写真/青木和也 スタイリング/荒木義樹(The VOICE) 文/長谷川 剛(TRS) 編集/名知正登

美麗な革靴を背景に進化を続ける技巧派メゾン

 パブロ・ピカソにアンディ・ウォーホル、マルチェロ・マストロヤンニ、フランク・シナトラなど、世界のセレブリティを魅了してきたパリの老舗、ベルルッティ。宝石のようなドレスシューズを背景に、今やバッグ類にウエアなどトータルブランドとして進化を続ける注目のメゾンだ。

 その始まりは1895年、イタリア生まれの靴職人、アレッサンドロ・ベルルッティによりパリに開かれたビスポーク・シューズ(オーダーメイド靴)のアトリエが原点である。創業者が作り出した技法や製法はメゾンの重要な遺産であり、贅沢に一枚革を用いステッチを伏せつつ仕立てられた「アレッサンドロ」は、今もベルルッティの傑作靴として多くのファンを魅了している。
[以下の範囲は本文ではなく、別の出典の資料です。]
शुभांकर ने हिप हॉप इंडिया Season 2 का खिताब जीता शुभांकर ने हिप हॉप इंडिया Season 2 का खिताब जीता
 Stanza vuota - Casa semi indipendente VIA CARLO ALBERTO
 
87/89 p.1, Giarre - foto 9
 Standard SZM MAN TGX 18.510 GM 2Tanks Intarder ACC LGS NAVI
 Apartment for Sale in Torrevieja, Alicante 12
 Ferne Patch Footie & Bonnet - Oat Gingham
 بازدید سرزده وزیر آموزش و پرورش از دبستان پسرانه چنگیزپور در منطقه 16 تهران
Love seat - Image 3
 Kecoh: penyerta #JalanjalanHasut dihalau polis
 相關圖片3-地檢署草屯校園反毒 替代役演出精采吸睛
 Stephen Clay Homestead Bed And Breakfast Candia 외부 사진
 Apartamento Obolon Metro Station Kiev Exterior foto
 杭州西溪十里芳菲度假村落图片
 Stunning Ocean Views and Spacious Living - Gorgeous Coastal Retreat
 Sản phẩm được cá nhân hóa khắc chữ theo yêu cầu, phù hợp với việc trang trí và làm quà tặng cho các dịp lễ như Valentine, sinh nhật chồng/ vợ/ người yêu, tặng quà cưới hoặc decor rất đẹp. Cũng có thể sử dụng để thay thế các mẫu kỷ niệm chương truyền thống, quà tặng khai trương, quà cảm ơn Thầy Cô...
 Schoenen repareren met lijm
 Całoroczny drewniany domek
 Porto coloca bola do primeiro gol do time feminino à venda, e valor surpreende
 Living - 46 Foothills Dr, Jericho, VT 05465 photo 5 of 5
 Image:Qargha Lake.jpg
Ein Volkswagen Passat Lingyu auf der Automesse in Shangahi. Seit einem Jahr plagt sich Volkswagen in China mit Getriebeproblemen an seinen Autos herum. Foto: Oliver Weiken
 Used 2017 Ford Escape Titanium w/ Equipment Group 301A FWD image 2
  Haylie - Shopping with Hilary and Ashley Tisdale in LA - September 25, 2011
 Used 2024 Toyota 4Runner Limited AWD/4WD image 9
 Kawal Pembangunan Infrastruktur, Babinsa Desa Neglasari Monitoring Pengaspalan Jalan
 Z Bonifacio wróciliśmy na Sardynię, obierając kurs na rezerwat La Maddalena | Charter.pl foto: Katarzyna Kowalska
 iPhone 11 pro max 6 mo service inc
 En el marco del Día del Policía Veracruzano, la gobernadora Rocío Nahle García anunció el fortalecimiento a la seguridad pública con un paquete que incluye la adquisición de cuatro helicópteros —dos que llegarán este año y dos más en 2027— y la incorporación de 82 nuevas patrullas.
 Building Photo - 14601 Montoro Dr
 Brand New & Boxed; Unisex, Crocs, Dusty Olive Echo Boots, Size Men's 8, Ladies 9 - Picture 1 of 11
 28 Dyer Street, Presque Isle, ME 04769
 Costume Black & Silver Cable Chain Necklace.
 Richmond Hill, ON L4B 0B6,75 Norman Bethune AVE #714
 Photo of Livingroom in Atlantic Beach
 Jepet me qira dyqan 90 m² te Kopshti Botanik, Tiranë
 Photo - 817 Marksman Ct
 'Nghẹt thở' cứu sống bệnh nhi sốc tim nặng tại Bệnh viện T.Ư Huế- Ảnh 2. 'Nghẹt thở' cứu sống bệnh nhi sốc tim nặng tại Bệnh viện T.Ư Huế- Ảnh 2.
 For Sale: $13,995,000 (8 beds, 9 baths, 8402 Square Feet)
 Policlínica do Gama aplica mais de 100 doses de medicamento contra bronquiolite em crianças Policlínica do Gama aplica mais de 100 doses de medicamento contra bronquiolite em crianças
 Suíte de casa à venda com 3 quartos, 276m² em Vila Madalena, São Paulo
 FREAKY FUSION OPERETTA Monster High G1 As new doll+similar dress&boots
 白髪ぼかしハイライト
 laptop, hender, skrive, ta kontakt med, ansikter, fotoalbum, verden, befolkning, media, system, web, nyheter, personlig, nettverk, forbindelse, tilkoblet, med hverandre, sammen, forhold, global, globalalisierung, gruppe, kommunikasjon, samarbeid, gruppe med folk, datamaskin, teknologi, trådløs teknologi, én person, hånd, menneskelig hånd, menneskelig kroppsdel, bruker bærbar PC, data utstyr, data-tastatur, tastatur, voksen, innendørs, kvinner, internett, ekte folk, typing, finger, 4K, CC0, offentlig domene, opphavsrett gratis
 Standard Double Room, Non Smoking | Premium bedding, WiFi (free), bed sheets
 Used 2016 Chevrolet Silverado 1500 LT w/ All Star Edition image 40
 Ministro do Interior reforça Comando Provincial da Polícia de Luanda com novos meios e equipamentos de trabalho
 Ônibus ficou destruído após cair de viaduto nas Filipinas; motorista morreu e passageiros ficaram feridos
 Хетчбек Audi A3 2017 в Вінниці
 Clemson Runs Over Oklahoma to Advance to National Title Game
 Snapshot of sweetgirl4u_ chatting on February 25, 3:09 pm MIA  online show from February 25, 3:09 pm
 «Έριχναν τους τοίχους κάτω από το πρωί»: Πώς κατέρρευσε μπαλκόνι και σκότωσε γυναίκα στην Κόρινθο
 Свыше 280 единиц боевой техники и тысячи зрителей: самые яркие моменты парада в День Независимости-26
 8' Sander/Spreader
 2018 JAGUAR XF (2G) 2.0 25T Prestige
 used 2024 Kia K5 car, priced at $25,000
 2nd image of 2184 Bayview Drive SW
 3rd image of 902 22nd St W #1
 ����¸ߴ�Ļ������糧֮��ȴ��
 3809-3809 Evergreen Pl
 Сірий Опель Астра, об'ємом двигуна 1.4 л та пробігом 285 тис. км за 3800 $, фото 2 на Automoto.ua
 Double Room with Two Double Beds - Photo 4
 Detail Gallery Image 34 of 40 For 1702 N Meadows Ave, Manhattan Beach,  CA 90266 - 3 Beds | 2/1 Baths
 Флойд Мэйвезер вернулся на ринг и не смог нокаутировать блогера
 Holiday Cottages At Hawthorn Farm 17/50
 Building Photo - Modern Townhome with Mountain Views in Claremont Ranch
 そして長年に渡り蓄積された革を扱う技術やノウハウはさらなる広がりを見せ、2005年からは華麗な鞄や財布等を多彩に生みだし話題をさらっている。なかでもベルルッティだけの高級素材として知られる「ヴェネチアレザー」を用いたバッグは、独特の洒落感と色気を兼備する希有なアイテムとして、世界のウェルドレッサー達に愛用されるほど。定番的なビジネススタイルもベルルッティの鞄を添えることで、品格をキープしつつエッジあるスタイルに昇華できるのである。